Selbst Personen, die meine Anfänge als Reisebuchautor mitbekommen haben, zählen zu diesem Personenkreis und nehmen an, ich würde mir unterwegs eine schöne Zeit machen. Der Höhepunkt dieser Dialoge gipfelte aber in den letzten Tagen in der Aussage, dass ich mir da ein schönes Hobby ausgesucht hätte. Hobby?!?!

Ich habe in den letzten fast zwei Jahrzehnten über 90 Bücher geschrieben, Vorträge in dreistelliger Anzahl gehalten und einen Wohnmobilstellplatz gebaut, auf dem über 20 Wohnmobile Platz finden. Mit diesen drei Bausteinen finanziere ich meinen Lebensunterhalt. Das ist definitiv kein Urlaub und schon gar kein Hobby. Es ist Arbeit. Eine Arbeit wie jede andere auch. Mit Höhen und mit Tiefen. Ich lasse Schweiß und Blut für diese Arbeit fließen. Zuletzt verlor ich dafür sogar ein Teil meines Körpers. Ein Hobby sieht für mich anders aus.

Reisebuchautor ist ein eher ungewöhnlicher Beruf

Aber ich weiß auch, dass man sich nur schwer ein Bild davon machen kann, wie meine Arbeit aussieht. So vielen Autoren, die hauptberuflich Reiseführer schreiben, begegnet man ja im Normalfall nicht. Und wenn, dann sieht man nur die Fassade dieser Arbeit. Die sieht nämlich so aus, dass ich üblicherweise mit einem Wohnmobil, also einem sogenannten Freizeitfahrzeug in bestimmte Urlaubsregionen fahre. Das ist natürlich Teil des Jobs. Ich verfasse keine Bücher über Industrie- und Gewerbegebiete, sondern ich schreibe Reiseführer und die handeln eben über Urlaubsregionen.

Übrigens, so manche Urlaubsregion, in die ich fahre, würde ich privat vielleicht gar nicht so gerne besuchen wollen. Auch ich bin nur ein Mensch und habe Vorlieben und Abneigungen. Wenn ich also in Region XY unterwegs bin, um für das nächste Buch zu recherchieren, wünsche ich mir privat vielleicht lieber im selben Augenblick einen Aufenthalt (oder gar Urlaub) in Region YZ.
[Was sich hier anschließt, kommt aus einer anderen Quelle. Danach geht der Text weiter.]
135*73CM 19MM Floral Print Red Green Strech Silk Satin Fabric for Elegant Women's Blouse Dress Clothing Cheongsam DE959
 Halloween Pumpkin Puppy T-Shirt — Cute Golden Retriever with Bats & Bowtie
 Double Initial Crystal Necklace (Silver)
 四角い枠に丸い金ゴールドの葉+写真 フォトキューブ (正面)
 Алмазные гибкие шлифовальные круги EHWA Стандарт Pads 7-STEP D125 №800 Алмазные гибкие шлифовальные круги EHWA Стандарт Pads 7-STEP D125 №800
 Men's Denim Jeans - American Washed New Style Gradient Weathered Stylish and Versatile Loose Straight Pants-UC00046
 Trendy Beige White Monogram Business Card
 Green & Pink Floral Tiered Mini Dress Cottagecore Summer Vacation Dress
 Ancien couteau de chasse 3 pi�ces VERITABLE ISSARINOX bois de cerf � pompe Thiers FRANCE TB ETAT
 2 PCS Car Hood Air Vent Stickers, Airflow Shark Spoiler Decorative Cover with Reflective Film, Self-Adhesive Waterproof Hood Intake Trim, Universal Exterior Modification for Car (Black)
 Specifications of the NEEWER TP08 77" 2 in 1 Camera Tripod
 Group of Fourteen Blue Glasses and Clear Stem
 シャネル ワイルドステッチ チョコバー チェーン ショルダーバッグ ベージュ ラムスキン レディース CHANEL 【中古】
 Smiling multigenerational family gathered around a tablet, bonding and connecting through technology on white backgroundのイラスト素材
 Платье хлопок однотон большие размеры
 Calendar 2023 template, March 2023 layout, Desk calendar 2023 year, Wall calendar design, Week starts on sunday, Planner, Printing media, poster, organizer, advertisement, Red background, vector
Stau und Regen gleichzeitig sind dann irgendwann zu viel
Stau UND Regen gleichzeitig sind dann irgendwann zu viel

Für die Bücher erstelle ich zudem das Bildmaterial und wenn es sich um einen Wohnmobilreiseführer handelt, wird das mitgeführte Freizeitfahrzeug natürlich auch zum Fotomotiv. Einen Wohnmobilreiseführer zu schreiben, in dem kein Wohnmobil abgebildet ist, ist in etwa so, als würde man in ein Restaurant gehen und den ganzen Abend nur ein Glas Wasser nippen. Kann man machen, ist aber nicht Sinn und Zweck der Sache.  Wenn es sich bei meinen Aufträgen dann aber mal um eine andere Art von Buch handelt, zum Beispiel ein Regionalführer oder ein Wanderführer, dann bin ich meist dennoch mit dem Wohnmobil unterwegs. Ganz einfach, weil es sich um eine sehr praktische und zugleich günstige Übernachtungsmöglichkeit handelt. Oftmals ist es so, dass ich innerhalb einer Region an mehreren Stellen recherchieren und fotografieren muss. Da trifft es sich dann gut, wenn man sein rollendes Heim dabei hat.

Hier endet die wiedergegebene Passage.